- **ACTIVITY**
A word-for-word repeat of all the data is the goal.

- **DATA EXTRACT**
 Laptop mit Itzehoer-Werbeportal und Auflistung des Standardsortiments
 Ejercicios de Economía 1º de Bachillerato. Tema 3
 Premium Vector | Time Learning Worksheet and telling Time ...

- **YOUR SOLUTION**
 Laptop mit Itzehoer-Werbeportal und Auflistung des Standardsortiments
 Ejercicios de Economía 1º de Bachillerato. Tema 3
 Premium Vector | Time Learning Worksheet and telling Time ...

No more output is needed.